Did you know that Elixir Supervisors will stop trying to restart a child process if they detect something has gone haywire in the child?
They do!
This leads to the next question, how do they know when a child process is a lost cause?
Supervisor Intensity!
What is it?
The intensity setting of a Supervisor is how many failures it can tolerate from a child process within a certain period of time. If more failures are recorded, then the Supervisor stops all child processes and fails itself.
The intensity and period are optional settings that can be set in Elixir like so
opts = [..., max_restarts: 3, max_seconds: 5]
Supervisor.start_link(children, opts)
Note that I have used the values that Elixir currently defaults to, 3 failures over a 5 second period.

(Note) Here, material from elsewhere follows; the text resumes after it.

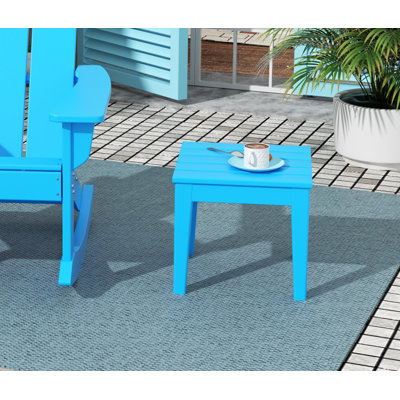 Table d'appoint en plastique Joubert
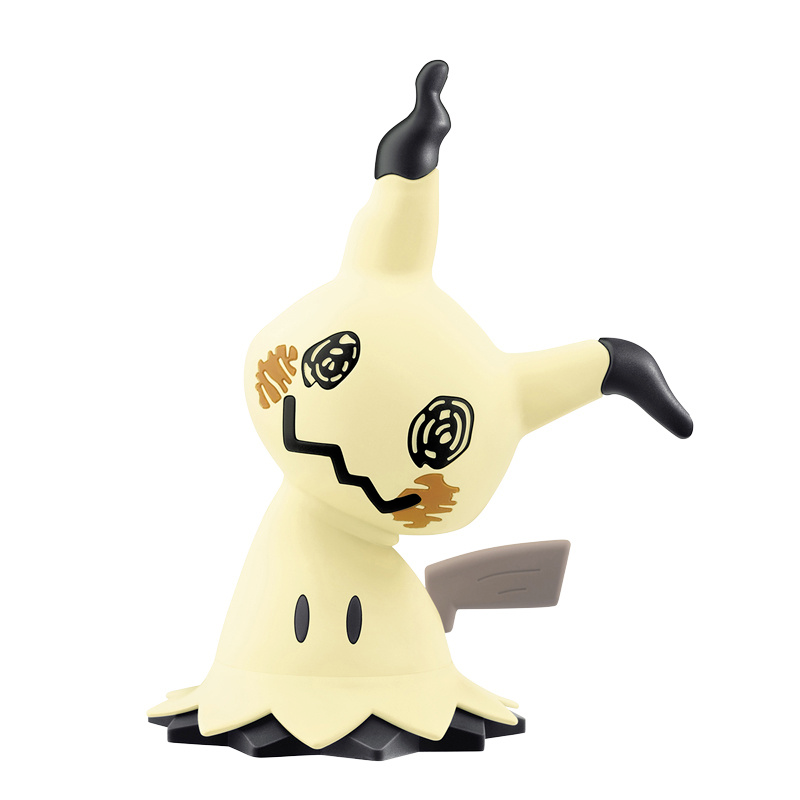 Bandai Pokemon Model Kit Genui - Model Kit Quick Mimikyu recensione e prezzo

When Do You Run Into This?
I figured this out when stepping through a nice bug. At the top of one of my child processes I had this line
def start_link(port: port, dispatch: dispatch) do
{:ok, socket} = :gen_tcp.listen(port, active: false, packet: :http_bin, reuseaddr: true) do
...
I was crashing the process on purpose and subsequently the entire app would shutdown. This confused me, because shouldn't the Supervisor restart the process?
This issue was that :gen_tcp.listen
returns an error if the port is already in use by another socket.
So after the first time, this module throws an error on the first line of start_link
. The Supervisor very quickly tries and fails three times on that same bug and the Supervisor is shut down.
Why Do Supervisors Do This?
In short it is to prevent infinite loops of processes trying to be restarted over and over.
However note that the Supervisor does not just stop trying to restart the child. If the intensity limits are surpassed the Supervisor shuts down itself.
Why?
It shuts down so that any possible Supervisor of that Supervisor can be notified that something wacky is going on and try to fix the issue. The original Supervisor already gave it its best effort and is now basically passing the issue up a level to ask for help.
Try at Home!
Here is a nice little module you can try out in your own app.
Drop this line into your Supervisor child start list
{FailTwoSeconds, []}
And add this module to your project
defmodule FailTwoSeconds do
def start_link([]) do
IO.inspect "New Process Starting"
pid = spawn_link(fn ->
Process.sleep(2000)
raise "Failing Now"
end)
{:ok, pid}
end
def child_spec(opts) do
%{
id: FailTwoSeconds,
start: {FailTwoSeconds, :start_link, [opts]},
}
end
end
We can see that the module exists just to start up, wait 2 seconds, and crash.
But crashing every 2 seconds is within the default intensity settings for Elixir. So this module will go on crashing and being restarted til the cows come home.
If you switch the sleep time to 1000
, then it will trip the Supervisor's intensity limits and the Supervisor will say "I've had too much!" and shutdown.
Thanks for reading and hope this saves you a headache one day!
Top comments (4)
Thanks for the article! So how did you eventually configured the supervisor for the tcp socket example? I guess it could happen hubdrefs of times per second, couldnt it?
For this failing example, within my server I was using
spawn_link(process_request_function)
, you can get a lot of added safety switching this tospawn(process_request_function)
.But I did figure out a way to restart the server safely for fun.
Right after the server starts, I save the socket in a Singleton Genserver.
Then on failure I close the socket and let the process fail.
It fails because it does not return an {:ok, pid} tuple.
Then next time the Supervisor restarts the process, it should succeed since there is no socket bound to the port.
Not the most robust, but it works for this toy example.
Thanks for the example. I remember sometimes the port is occupied for a longer time, I’ve seen this a couple of times even if no process actually uses it. There is just some delay until it’s freed by the os. So in that case it still would not help, Right?
I haven't used this hand made server very much, but what you are saying about the delay in closing the socket sounds like it could happen.
There may be a blocking command that I am unfamiliar with to check whether the port is free. Otherwise I would think of putting a sleep command in there to give the os time to free it.